● **Exercise aim**: Your task is to transcribe, without alteration, the lines from the top of the material below through the line bearing "Front cover_Machimaho: I", inclusive.

Information shown Block Start

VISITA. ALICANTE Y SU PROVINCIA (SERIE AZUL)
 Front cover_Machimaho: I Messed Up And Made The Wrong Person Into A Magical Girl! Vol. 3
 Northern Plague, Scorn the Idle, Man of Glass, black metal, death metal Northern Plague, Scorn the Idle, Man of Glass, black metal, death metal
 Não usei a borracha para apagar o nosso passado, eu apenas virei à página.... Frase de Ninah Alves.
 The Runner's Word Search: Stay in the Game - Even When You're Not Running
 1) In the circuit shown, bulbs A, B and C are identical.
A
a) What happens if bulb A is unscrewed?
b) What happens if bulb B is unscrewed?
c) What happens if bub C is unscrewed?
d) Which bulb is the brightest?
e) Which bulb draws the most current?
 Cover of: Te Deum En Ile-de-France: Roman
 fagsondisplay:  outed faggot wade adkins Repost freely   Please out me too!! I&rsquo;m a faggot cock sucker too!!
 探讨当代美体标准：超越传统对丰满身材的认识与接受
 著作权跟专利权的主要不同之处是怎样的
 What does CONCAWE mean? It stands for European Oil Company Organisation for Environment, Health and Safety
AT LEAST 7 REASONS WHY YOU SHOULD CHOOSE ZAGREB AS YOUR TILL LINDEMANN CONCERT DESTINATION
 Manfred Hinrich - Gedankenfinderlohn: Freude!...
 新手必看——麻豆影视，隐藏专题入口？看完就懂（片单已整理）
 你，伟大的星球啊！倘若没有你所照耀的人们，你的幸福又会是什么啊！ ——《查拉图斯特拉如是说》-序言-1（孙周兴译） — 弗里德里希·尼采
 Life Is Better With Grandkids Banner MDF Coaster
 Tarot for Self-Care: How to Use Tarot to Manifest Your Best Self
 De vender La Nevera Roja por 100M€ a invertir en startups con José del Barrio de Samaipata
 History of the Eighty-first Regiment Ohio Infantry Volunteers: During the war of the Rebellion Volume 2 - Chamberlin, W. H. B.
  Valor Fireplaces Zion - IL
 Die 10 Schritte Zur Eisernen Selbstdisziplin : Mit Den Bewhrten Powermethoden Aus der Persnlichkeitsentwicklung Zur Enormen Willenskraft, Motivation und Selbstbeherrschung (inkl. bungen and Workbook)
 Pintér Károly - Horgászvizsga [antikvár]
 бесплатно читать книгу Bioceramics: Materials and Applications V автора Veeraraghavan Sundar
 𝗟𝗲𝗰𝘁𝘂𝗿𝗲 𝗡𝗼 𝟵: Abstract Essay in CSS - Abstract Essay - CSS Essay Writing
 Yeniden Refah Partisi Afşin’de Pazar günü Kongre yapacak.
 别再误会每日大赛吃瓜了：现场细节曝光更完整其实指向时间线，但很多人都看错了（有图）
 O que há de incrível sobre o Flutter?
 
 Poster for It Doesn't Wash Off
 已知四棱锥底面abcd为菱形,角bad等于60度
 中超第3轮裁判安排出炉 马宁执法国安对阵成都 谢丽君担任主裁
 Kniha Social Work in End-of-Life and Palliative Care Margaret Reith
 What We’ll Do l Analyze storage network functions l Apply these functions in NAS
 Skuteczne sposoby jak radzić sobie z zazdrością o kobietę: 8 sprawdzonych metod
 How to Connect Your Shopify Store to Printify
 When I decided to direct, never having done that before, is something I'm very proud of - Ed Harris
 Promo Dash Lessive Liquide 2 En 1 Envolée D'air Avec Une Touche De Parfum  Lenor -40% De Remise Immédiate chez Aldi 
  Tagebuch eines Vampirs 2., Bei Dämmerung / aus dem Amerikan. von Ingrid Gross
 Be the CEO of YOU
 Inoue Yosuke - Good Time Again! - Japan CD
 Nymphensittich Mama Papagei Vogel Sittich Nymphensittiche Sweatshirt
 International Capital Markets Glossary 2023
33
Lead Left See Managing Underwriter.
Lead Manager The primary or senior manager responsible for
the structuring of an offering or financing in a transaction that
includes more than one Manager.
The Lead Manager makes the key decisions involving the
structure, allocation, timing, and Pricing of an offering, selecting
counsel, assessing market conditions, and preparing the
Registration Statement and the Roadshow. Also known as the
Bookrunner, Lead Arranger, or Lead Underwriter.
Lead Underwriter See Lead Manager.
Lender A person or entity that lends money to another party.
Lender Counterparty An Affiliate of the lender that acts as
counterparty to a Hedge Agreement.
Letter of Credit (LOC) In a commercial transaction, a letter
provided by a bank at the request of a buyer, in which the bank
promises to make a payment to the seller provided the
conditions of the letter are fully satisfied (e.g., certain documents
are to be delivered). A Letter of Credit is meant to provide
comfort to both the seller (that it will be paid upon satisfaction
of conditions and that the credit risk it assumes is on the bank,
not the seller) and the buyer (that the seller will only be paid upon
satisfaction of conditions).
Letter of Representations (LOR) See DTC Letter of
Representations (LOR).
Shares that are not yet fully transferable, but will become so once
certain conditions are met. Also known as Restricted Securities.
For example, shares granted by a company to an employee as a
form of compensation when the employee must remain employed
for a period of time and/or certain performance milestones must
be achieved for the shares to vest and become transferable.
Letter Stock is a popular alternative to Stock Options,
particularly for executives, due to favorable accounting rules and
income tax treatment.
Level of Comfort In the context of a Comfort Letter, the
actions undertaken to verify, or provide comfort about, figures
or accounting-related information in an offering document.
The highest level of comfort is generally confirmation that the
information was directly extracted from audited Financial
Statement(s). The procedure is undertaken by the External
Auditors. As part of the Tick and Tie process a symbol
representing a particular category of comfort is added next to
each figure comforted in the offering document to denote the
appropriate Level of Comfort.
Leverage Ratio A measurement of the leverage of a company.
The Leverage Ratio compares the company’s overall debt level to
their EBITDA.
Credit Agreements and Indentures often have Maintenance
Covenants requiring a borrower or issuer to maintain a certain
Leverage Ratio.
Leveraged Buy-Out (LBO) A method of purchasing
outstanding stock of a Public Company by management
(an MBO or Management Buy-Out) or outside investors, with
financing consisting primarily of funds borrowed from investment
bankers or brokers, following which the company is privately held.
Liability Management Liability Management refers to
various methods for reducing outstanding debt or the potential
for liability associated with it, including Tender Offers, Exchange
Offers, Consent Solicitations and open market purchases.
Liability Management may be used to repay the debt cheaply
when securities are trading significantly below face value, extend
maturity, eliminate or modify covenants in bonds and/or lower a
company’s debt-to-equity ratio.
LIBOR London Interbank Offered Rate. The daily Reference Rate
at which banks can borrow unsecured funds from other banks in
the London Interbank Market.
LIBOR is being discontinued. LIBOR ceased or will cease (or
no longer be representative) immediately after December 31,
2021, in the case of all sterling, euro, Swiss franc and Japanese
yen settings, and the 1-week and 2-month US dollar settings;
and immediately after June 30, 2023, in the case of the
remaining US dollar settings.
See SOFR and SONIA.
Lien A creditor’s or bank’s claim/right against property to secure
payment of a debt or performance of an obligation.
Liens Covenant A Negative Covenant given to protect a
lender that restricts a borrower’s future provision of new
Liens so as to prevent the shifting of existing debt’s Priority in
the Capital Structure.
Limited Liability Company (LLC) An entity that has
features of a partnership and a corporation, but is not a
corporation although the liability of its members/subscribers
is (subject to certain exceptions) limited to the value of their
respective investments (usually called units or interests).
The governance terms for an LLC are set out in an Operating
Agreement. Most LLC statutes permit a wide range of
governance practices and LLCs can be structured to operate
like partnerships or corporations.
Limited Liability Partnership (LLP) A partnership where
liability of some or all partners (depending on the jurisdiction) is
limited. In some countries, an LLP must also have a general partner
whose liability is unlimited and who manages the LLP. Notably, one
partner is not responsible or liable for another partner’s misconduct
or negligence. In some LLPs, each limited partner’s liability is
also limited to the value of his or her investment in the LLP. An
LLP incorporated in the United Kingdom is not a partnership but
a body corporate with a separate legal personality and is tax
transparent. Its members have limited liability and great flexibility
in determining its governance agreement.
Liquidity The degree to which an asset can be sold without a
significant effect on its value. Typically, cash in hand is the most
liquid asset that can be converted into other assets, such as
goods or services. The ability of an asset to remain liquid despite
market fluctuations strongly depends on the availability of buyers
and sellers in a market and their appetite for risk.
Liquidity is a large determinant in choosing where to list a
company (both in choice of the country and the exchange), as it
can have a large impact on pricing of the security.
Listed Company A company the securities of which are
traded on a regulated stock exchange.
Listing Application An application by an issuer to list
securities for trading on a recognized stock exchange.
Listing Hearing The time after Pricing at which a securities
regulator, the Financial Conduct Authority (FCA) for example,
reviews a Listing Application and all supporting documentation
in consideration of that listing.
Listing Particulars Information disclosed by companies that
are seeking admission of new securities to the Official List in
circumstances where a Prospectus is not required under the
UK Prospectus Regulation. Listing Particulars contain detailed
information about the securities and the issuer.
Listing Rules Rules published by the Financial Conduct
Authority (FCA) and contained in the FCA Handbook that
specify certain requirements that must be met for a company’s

Information shown Block End

● **The answer**:
VISITA. ALICANTE Y SU PROVINCIA (SERIE AZUL)
 Front cover_Machimaho: I Messed Up And Made The Wrong Person Into A Magical Girl! Vol. 3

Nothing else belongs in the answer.